Calliper tool pigging study
We were asked by a pig tool vendor to carry out a high-level study into the effects of a calliper pig striking a check valve plate. The check valve actuator had malfunctioned and therefore could not be manually opened to allow safe passage of the pig through the valve. The pig would therefore potentially be striking the check valve plate in an unknown position, depending on the flow within the pipe. The speed of the pig would also need to be considered.
Our client was concerned that the impact forces associated with the pig striking the plate would damage the calliper pig and potentially the valve mechanism. The client wanted to determine whether the g-force from the potential collision would be greater than the allowable limits for the components within the pig.

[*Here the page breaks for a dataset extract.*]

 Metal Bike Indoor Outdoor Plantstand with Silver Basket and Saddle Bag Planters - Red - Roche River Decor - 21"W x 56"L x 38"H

The first part of the study involved determining the approximate angle at which the plate would be positioned at different gas flow rates.
The next stage was to determine the impact forces acting on the pig when it struck the valve plate. A static model was assumed for initial simplicity and, as a worst-case, the plate was assumed to absorb all the impact energy (i.e. not move after the impact).
Assumptions were also made for the compressibility of the nose of the pig based on material properties. This in turn gave a range of spring stiffnesses which could be used to obtain a maximum force.
We provided our client with the predicted maximum forces which they then compared to their allowable forces for the calliper tool.
The results of the study were used as a sense-check prior to our client's testing stage and allowed them to better prepare for the testing. The study also gave our client feedback on the shape and material of the proposed nose configuration.
An option for further study using a dynamic analysis was suggested as the next step in order to improve the accuracy of the results.